Libyans walk the grounds of the burned U.S. Consulate in Benghazi last month.

Libyans walk the grounds of the burned U.S. Consulate in Benghazi last month. Ibrahim Alaguri/AP

U.S. official goes public with criticism of security policy in Libya

Lt. Col Andy Wood led the 16-member special forces team tasked with protecting U.S. personnel in the country.

The State Department insists it didn't cut corners on security in the run-up to the deadly Sept. 11 terrorist attack in Benghazi, but a former U.S. security official in Libya is doing his best to torpedo those claims. For weeks, the State Department has been on defense trying to account for why there wasn't more security at the U.S. compound in Benghazi even as U.S. officials in Libya complained of mounting security threats. Last week, these criticisms were vaguely sourced to "whistleblowers" speaking with Republicans on the House Oversight and Government Reform Committee. Now, it appears that at least one source of those criticisms is showing his face: Lt. Col Andy Wood. 

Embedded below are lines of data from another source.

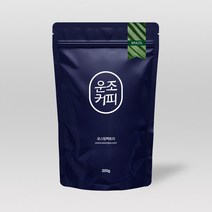 디카페인운조 브라질 세라도 디카페인 200g 원두커피, 3_핸드드립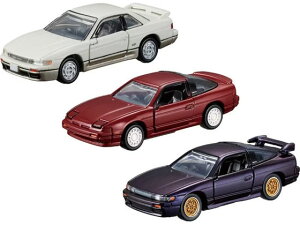 �y�}���\�����聚�|�C���g2�{�z �^�J���g�~�[ �g�~�J�v���~�A�� NISSAN SPORTS CARS 3 MODELS Collection �g�~�J �������� �z�r�[ �Q�[�� �a�v��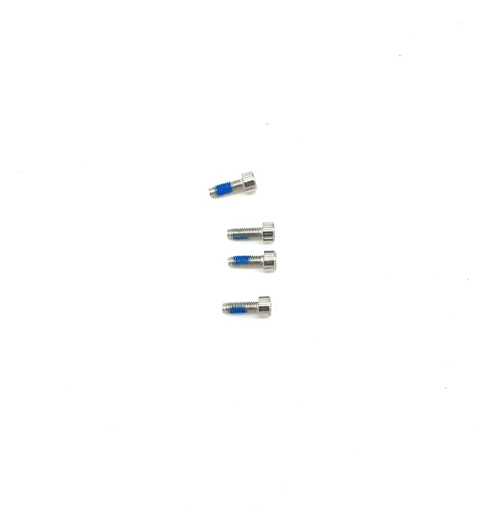 [SPW00234] SPW 4 y 5 y LIGHT | TORNILLOS DE GUARDABARROS (X4)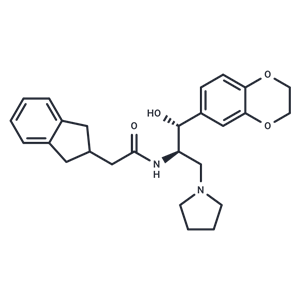化合物 CCG-203586|T70685|TargetMol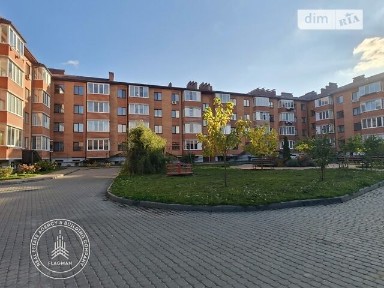 Продаж 1к квартири 46.5 кв. м на вул. Центральна 45, кв. 43 • ID 35036786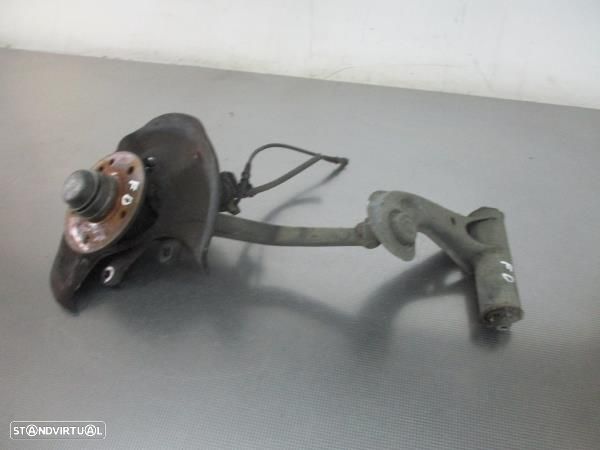 Manga Eixo Frente Dto Mercedes-Benz C-Class (W202) - 3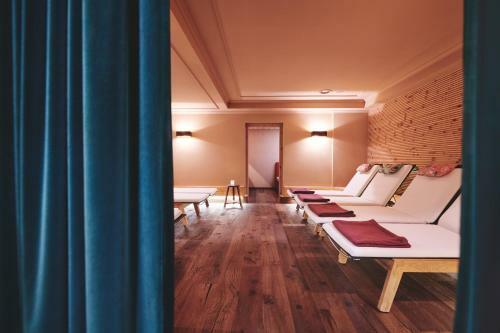 Das Posthotel - Small Luxury Hotels Of The World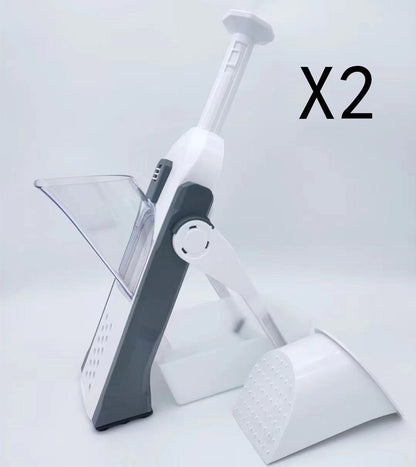 Modern Kitchen Vegetable Chopper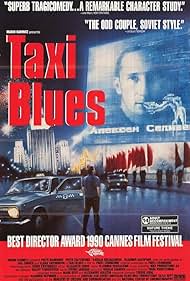 Taxi Blues (1990)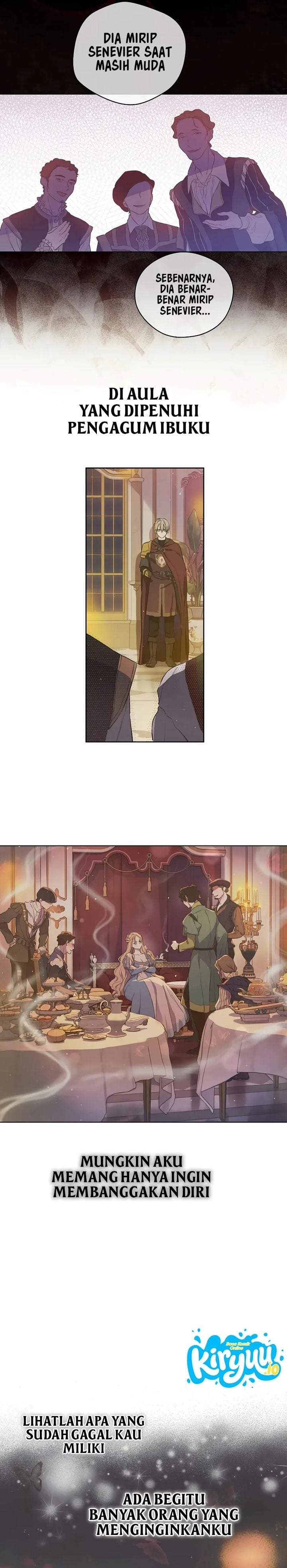 
              The Forgotten Field             Chapter 21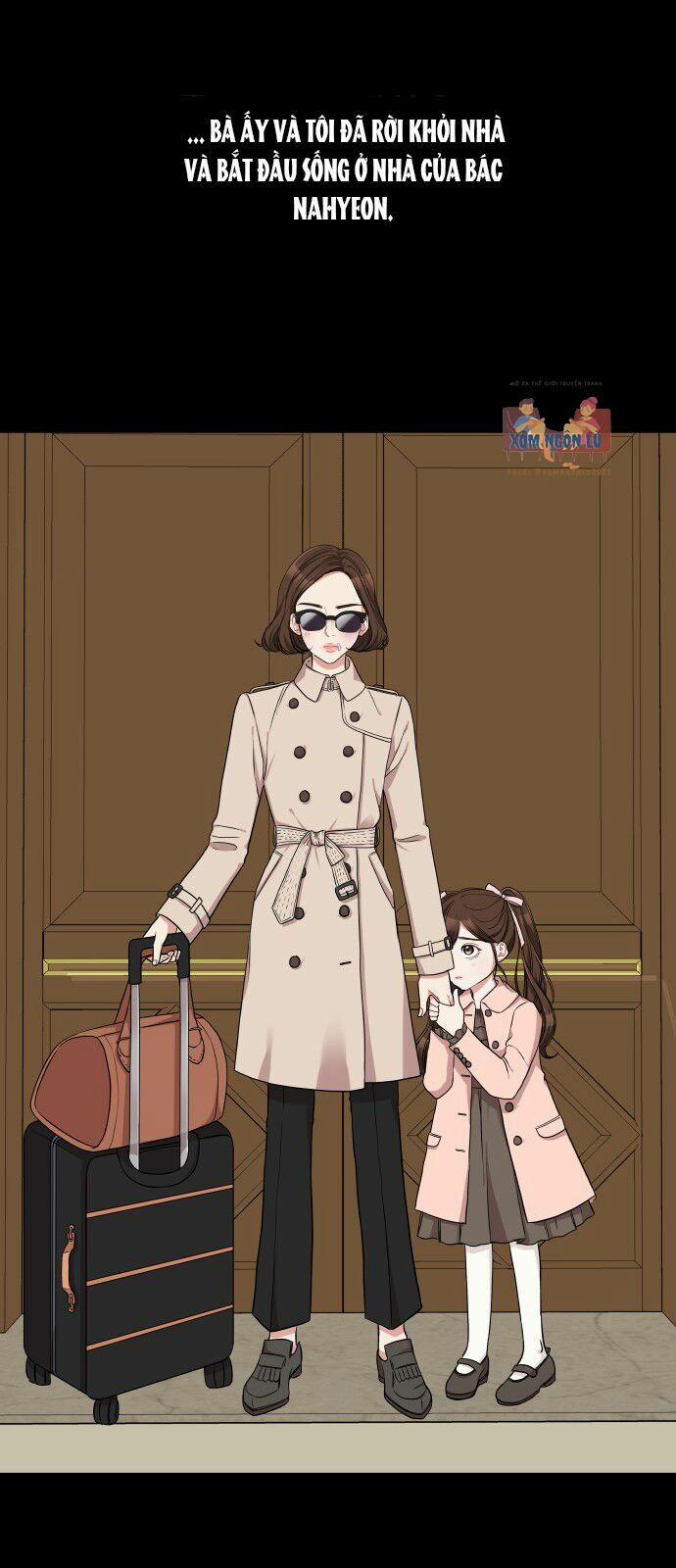 Gửi Em, Người Nuốt Trọn Vì Sao 1 trang 21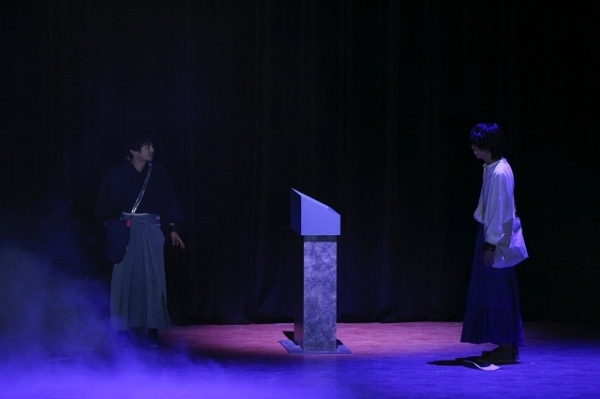 初出演の西山さんが驚きの役に挑戦！　津田健次郎さん＆西山宏太朗さんが出演した「AD-LIVE 2020」2日目をレポート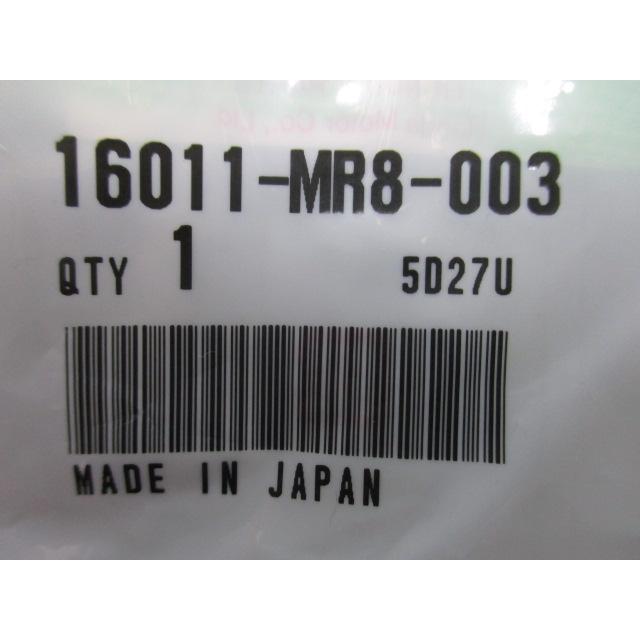 VFR400R バルブシートセット 16011-MR8-003 在庫有 即納 ホンダ 純正 新品 バイク 部品 NC30 車検 Genuine｜ts-parts｜03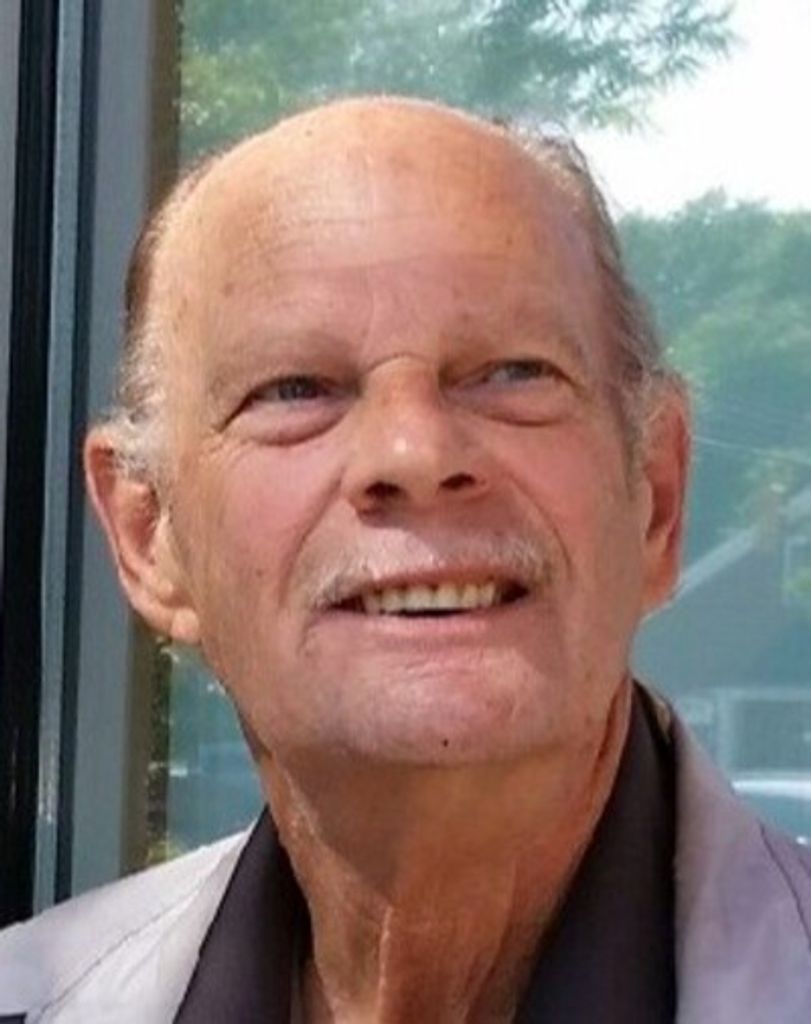 Stephen Dennis Jordan Profile Photo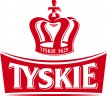 Czapka cylinder Tyskie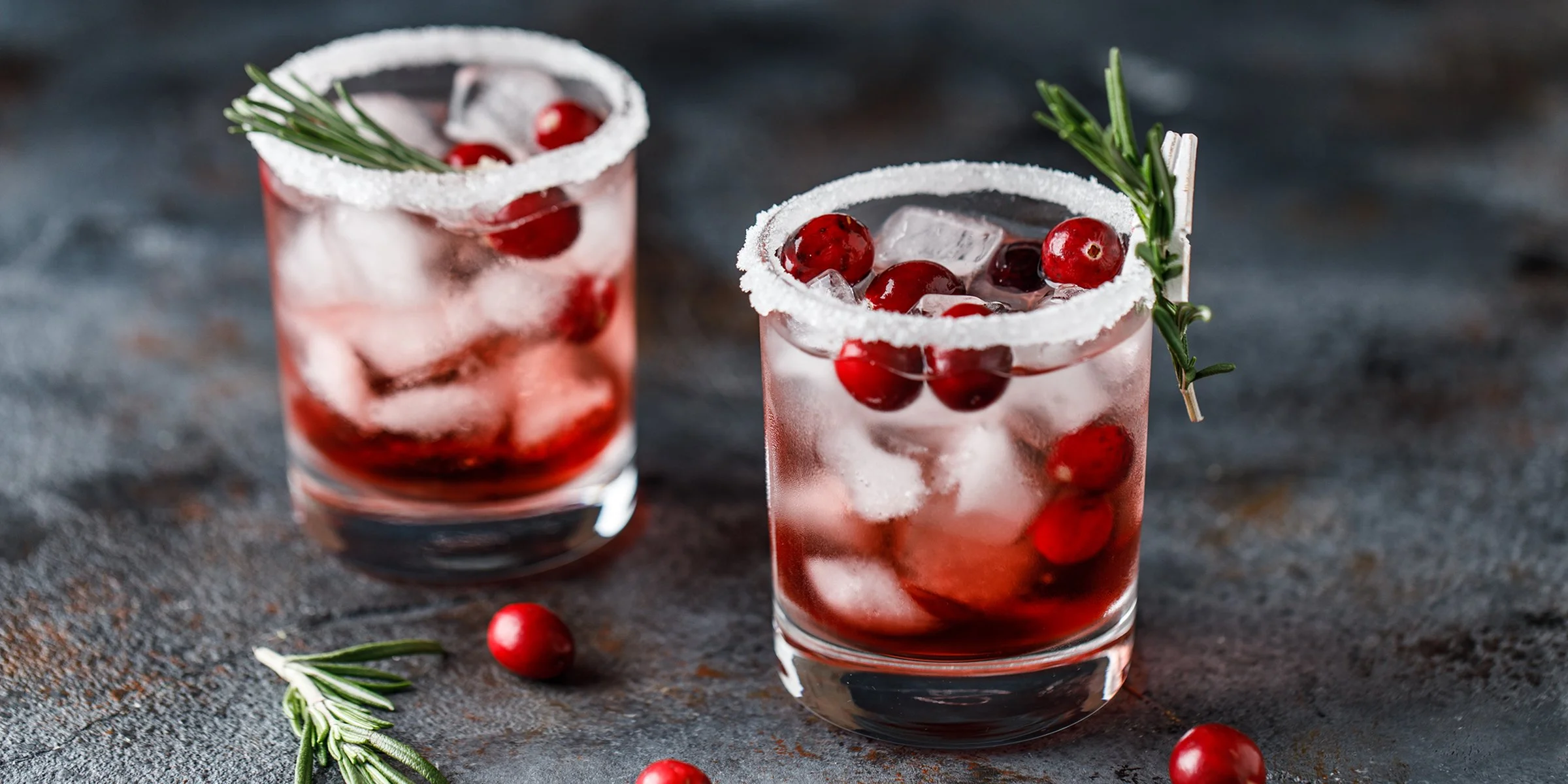 Cielo Holiday Happy Hour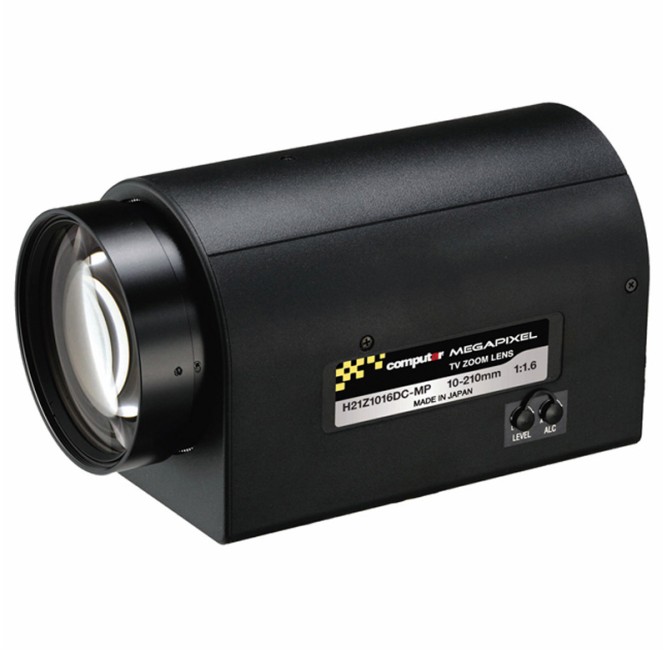 Computar H21Z1016DC-MP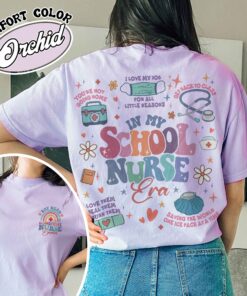 personalized school nurse shirts vintage nursing school t shirt womens custom nurse gift t shirt tj1ve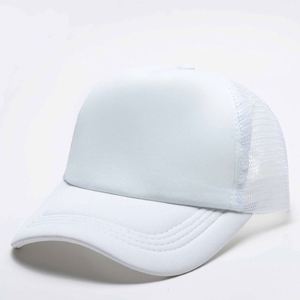 Likewinner Men's Cotton Trucker Hat 5 Panel Mesh Structured with Embroidered Logo Promotion <b>Truck</b> <b>Driver</b> Hat <b>for</b> Kids - Product Image 4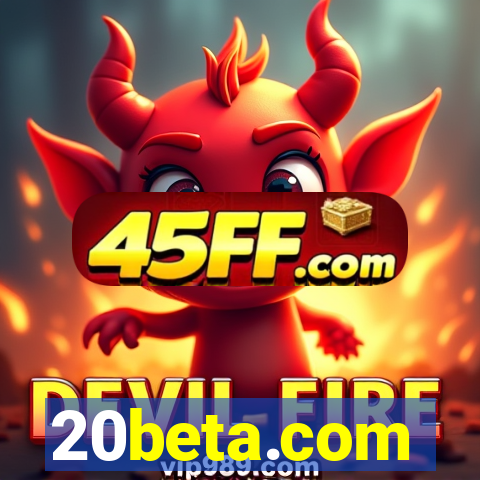 20beta.com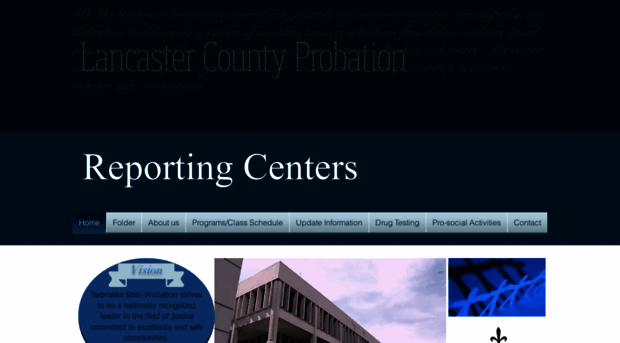 lancastercountyreportingcenters.com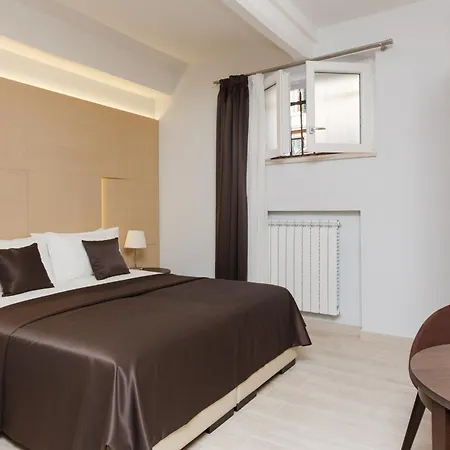 Hotel Domus Terenzio Rom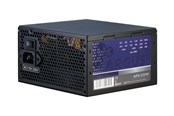 Strømforsyning (PSU) - Inter-Tech Argus APS-520W Strømforsyning (PSU) - 520 Watt - 120 mm - ATX - 80 Plus - 88882117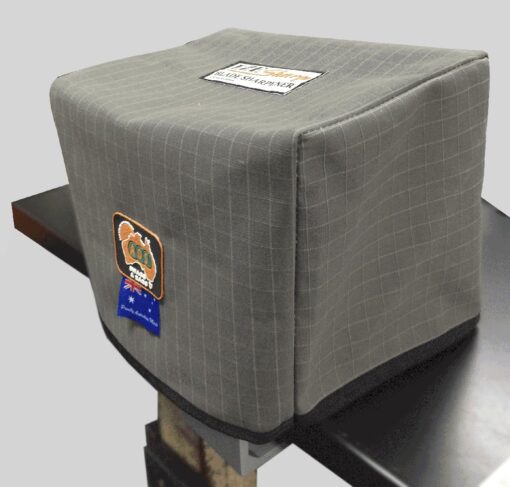 EZESharp Blade Sharpener Canvas Cover by AOS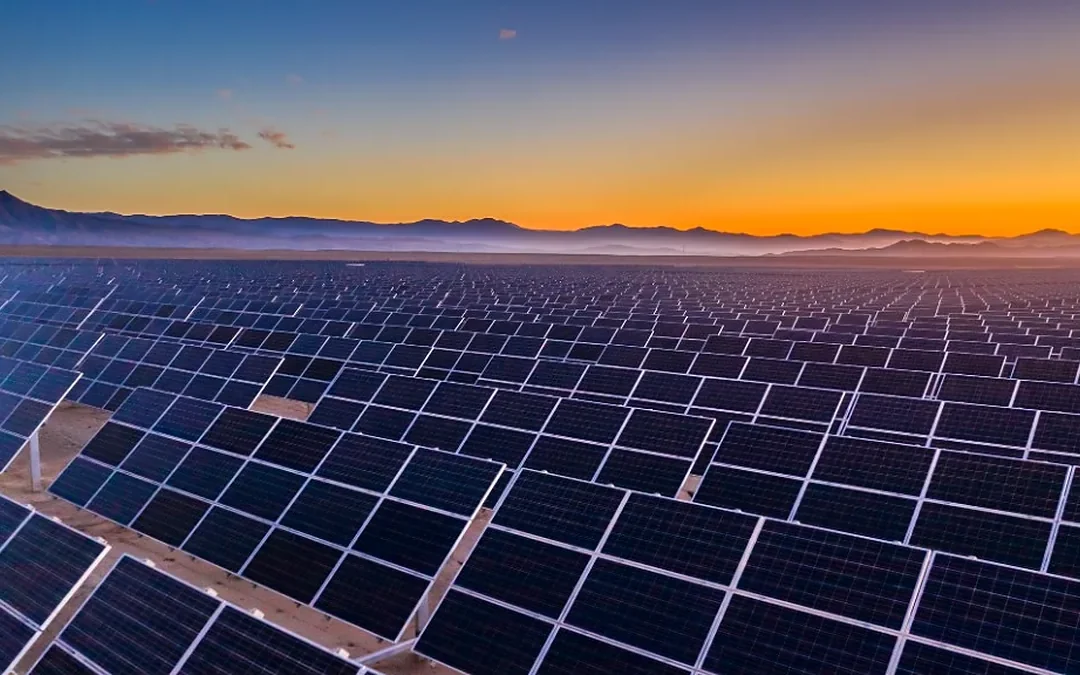 Por qué Chile tira luz, importa gas y cobra de noche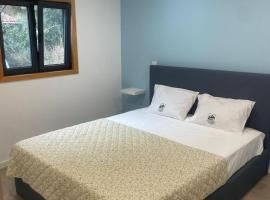 Gerês View，位于吉尔斯的酒店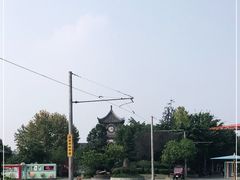 -安仁古镇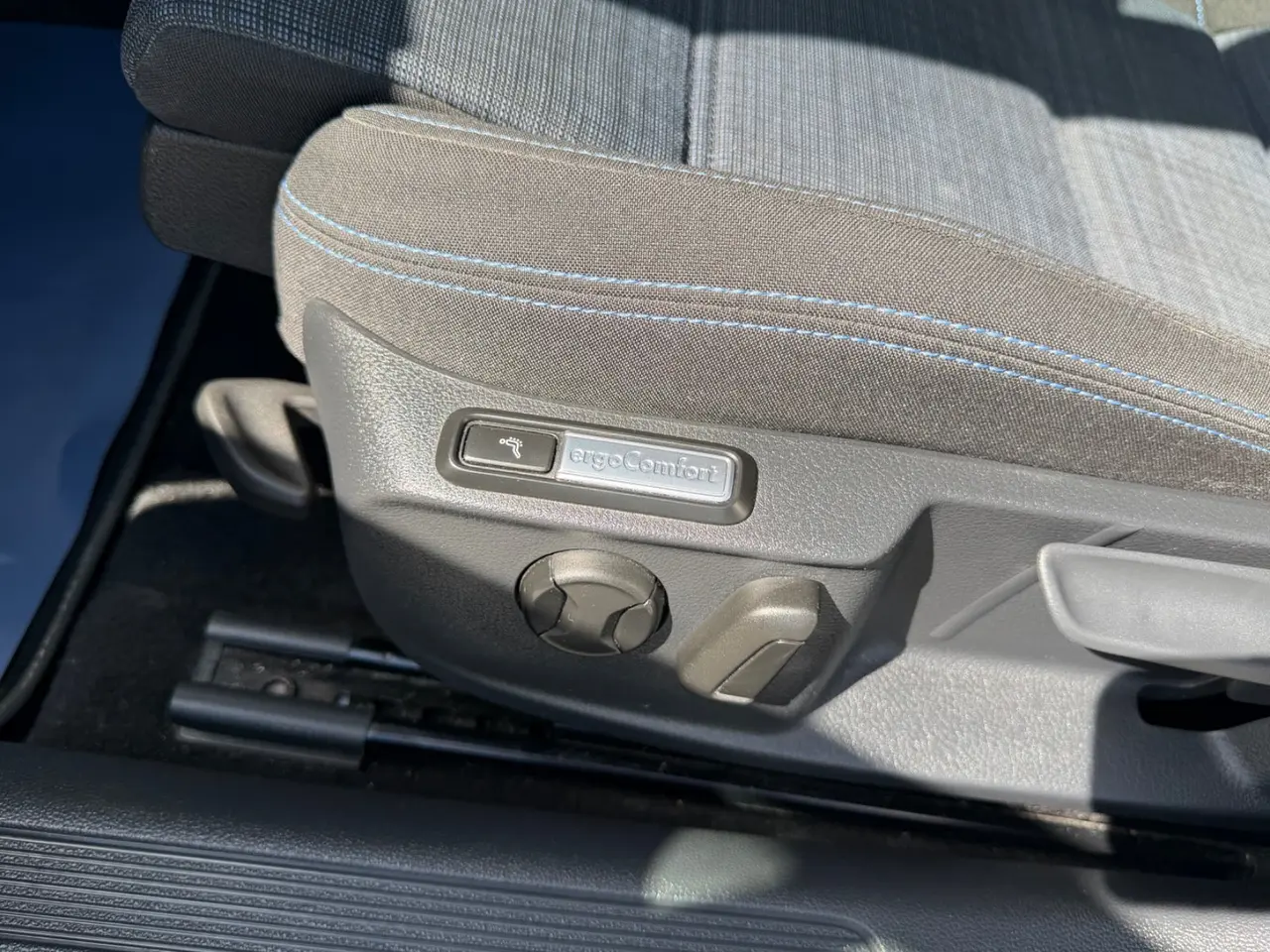 Billede 11 - VW Passat 1,4 GTE Variant DSG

Wood led the 16-member special forces team tasked with protecting U.S. personnel in Libya. and this morning, two stories critical of the State Department were sourced to Wood, one by ABC News and another by CBS News. The first features Wood hitting the administration hard on its refusal to increase security personnel in the country prior to the attacks. "We tried to illustrate ... to show them how dangerous and how volatile and just unpredictable that whole environment was over there. So to decrease security in the face of that really is ... it's just unbelievable," Wood told Attkisson in a sit-down interview. When Wood discovered that his 16-member team and a six-member State Department elite security team was being pulled from Tripoli in August, he said it felt "like we were being asked to play the piano with two fingers. There was concern amongst the entire embassy staff."